Two weeks ago, I read an interview with Evi O on The Conversation. Since then, I’ve been pondering on one particular quote by Evi:

As a creative, I function better when juggling many different projects at once – different design tasks and processes stimulate me.

I couldn’t agree more about this. Currently, I am working on four different projects. I feel like this allows me to continue to be creative. If I think about something too much, I get frustrated and can’t figure out what is wrong with it. I feel like my brain slots everything into place if I ignore it for a bit. Subconscious thinking.

I’ve been working on a couple of new projects and I feel like it’s about time I share them.

The Charlie & Cub Chronicles.
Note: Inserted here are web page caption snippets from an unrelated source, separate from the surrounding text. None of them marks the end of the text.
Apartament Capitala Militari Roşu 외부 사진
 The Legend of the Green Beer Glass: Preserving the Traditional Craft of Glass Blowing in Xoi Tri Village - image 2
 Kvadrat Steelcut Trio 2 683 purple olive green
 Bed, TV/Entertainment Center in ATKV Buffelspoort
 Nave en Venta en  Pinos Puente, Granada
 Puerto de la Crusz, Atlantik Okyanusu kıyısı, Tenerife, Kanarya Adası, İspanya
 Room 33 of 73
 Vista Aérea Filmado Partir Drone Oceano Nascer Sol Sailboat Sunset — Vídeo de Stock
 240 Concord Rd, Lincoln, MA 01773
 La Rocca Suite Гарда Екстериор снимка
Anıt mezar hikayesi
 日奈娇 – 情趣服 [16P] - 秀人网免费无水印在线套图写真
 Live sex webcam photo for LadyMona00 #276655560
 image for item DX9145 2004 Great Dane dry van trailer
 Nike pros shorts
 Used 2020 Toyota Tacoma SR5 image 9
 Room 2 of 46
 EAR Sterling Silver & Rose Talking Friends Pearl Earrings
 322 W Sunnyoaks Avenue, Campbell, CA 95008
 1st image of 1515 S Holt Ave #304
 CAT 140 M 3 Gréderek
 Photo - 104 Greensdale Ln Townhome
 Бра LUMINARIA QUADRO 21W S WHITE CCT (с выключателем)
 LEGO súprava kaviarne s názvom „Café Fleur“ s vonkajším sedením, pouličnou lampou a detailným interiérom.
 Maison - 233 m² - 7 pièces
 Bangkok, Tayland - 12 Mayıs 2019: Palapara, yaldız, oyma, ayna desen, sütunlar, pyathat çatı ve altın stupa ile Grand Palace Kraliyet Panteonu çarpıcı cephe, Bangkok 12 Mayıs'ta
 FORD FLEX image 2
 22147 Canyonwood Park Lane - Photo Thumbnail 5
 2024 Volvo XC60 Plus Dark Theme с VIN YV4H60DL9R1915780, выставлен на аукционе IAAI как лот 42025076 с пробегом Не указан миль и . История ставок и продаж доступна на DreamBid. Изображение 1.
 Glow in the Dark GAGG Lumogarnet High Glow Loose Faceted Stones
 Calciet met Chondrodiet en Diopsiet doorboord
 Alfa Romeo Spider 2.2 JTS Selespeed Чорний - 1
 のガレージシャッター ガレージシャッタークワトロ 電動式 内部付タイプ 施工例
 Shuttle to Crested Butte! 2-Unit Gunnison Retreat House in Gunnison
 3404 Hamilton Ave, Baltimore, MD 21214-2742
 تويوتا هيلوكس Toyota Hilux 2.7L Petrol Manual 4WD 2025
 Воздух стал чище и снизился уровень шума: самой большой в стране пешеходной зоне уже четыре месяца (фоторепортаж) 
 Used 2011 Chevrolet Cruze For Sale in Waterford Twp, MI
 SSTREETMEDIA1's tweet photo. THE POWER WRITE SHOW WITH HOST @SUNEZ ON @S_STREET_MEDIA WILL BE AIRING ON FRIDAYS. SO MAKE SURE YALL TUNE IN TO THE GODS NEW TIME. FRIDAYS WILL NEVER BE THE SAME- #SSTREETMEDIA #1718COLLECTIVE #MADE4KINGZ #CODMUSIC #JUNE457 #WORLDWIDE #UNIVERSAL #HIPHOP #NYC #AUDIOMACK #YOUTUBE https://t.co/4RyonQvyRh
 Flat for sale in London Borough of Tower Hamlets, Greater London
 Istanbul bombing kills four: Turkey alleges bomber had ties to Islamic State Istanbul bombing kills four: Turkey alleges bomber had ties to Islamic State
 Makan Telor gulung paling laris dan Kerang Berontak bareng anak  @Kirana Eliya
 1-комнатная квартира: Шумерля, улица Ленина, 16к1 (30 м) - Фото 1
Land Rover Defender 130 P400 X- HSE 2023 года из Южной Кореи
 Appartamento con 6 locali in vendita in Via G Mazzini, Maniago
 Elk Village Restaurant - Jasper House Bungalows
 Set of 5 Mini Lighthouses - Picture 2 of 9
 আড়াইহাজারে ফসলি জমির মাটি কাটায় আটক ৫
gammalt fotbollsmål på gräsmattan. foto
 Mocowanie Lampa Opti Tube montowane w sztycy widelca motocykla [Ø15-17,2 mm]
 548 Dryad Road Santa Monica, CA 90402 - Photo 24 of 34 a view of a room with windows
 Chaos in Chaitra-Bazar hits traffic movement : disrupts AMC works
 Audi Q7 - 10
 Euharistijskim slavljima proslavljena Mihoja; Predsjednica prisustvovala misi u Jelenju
I’m still working on this novel. I’ve got one final plot problem (the Parents’ and Sam’s storylines have been resolved), which means I can then start on the re-write. I am very much looking forward to getting back and writing in this world again. I have been so very lucky with this story. My other ideas (which I’m not working on) are no where near as ‘beautiful’.

Papercut Labs is an online scrapbooking classroom. It should be launching in September. I am passionate about the scrapbooking community – even if I’m apart from the community, and not part of it – and I thoroughly enjoy watching the people I’ve met grow as artists. By extending into the classroom setting, I can meet the artists just as they’re beginning. I’m more an admin of these classes while I let much much more creative people be the teachers.

Letterpress magazine is my ‘fun’ project. It’s a small magazine–almost a zine–that focusses on typography, letterpresses, graphic design, digital fonts and how all these things come about. But the fun part is that a large part of this magazine is showcasing digital fonts and I’m asking creative writers to write fictional histories of the fonts. It’s quirky, it’s niche and it’s going to be beautiful. Sometimes I feel myself drowning in it, but then I just need to remember that it is supposed to be fun, and that creative writers are actually fun people. I can’t decide what the next step is: finding writers or finding graphic artists.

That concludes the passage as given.